Directions: Starting with the line below that holds "Cat silhouette sitting" and stopping after the line that holds "de cannabi Des", transcribe the lines exactly, leaving out all pictures.

Supplied records:
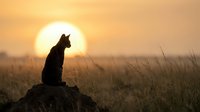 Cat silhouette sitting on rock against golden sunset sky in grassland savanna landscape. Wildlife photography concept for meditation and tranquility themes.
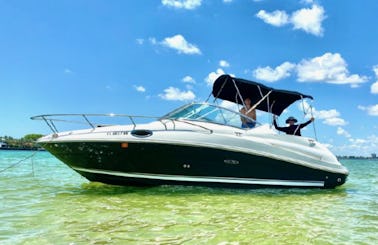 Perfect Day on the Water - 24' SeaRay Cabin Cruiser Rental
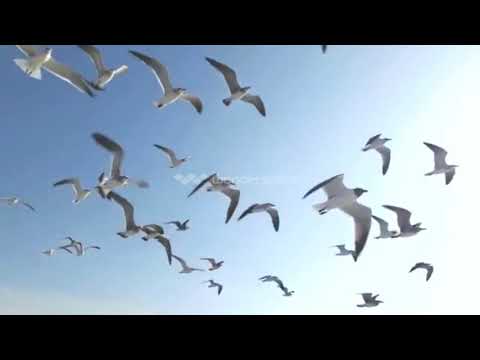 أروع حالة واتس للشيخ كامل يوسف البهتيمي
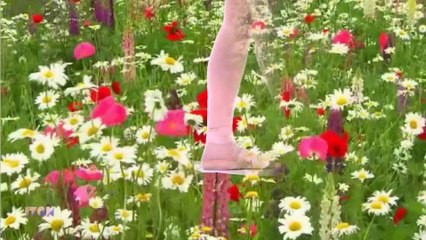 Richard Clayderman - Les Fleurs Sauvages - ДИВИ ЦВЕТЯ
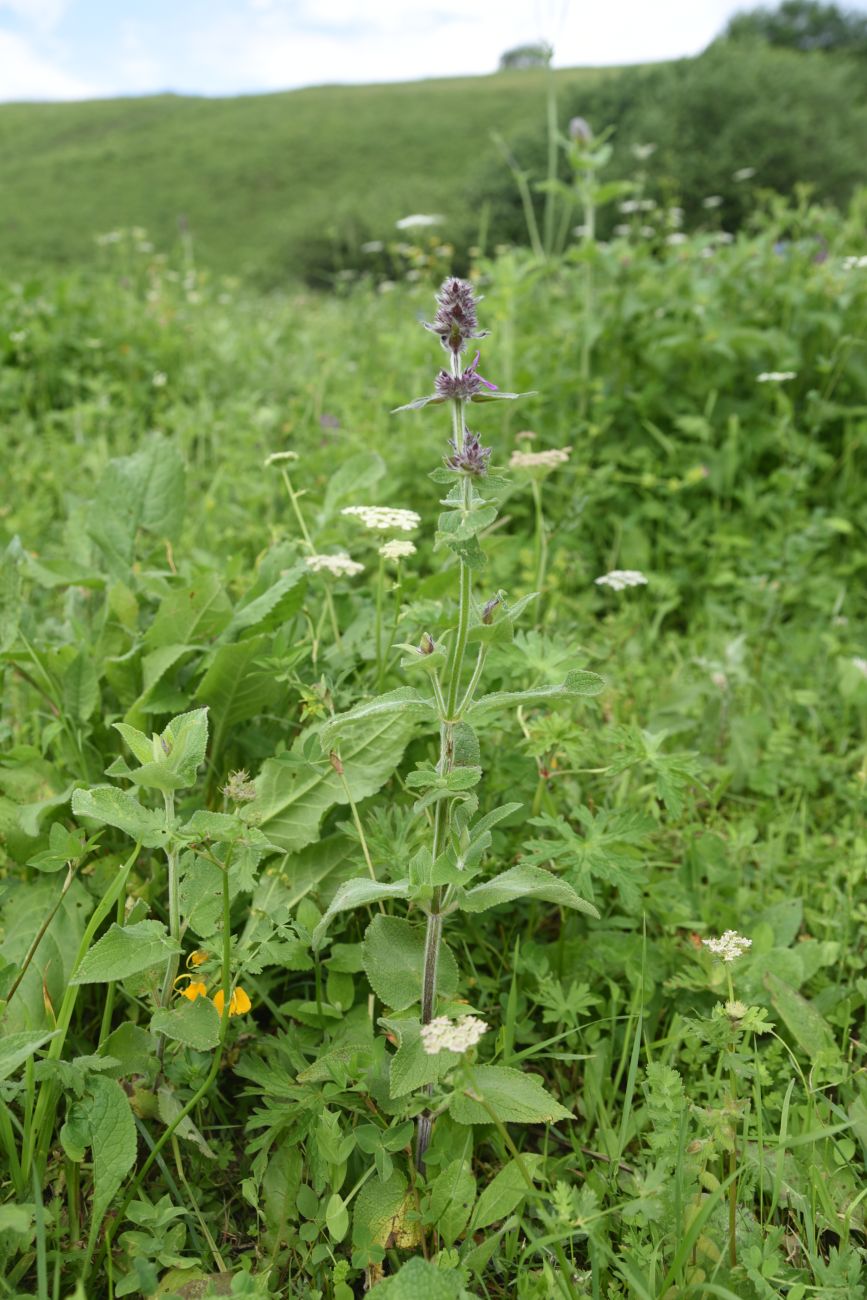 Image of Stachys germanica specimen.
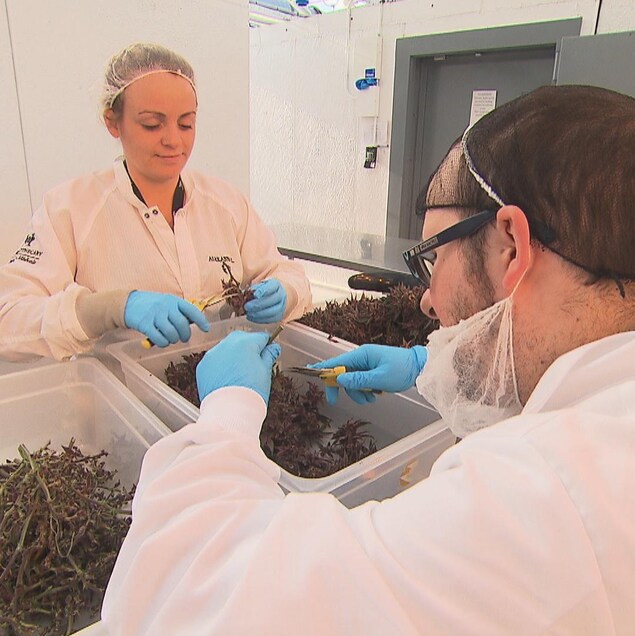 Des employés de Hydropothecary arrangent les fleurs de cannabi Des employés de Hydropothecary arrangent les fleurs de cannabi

...

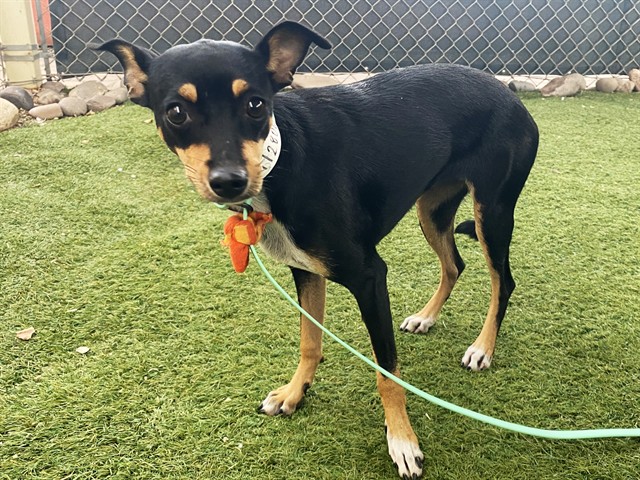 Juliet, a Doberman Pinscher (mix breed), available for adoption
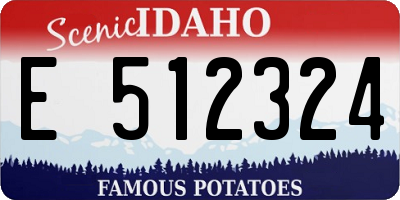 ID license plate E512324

Reply:
 Cat silhouette sitting on rock against golden sunset sky in grassland savanna landscape. Wildlife photography concept for meditation and tranquility themes.
 Perfect Day on the Water - 24' SeaRay Cabin Cruiser Rental
 أروع حالة واتس للشيخ كامل يوسف البهتيمي
 Richard Clayderman - Les Fleurs Sauvages - ДИВИ ЦВЕТЯ
 Image of Stachys germanica specimen.
 Des employés de Hydropothecary arrangent les fleurs de cannabi Des employés de Hydropothecary arrangent les fleurs de cannabi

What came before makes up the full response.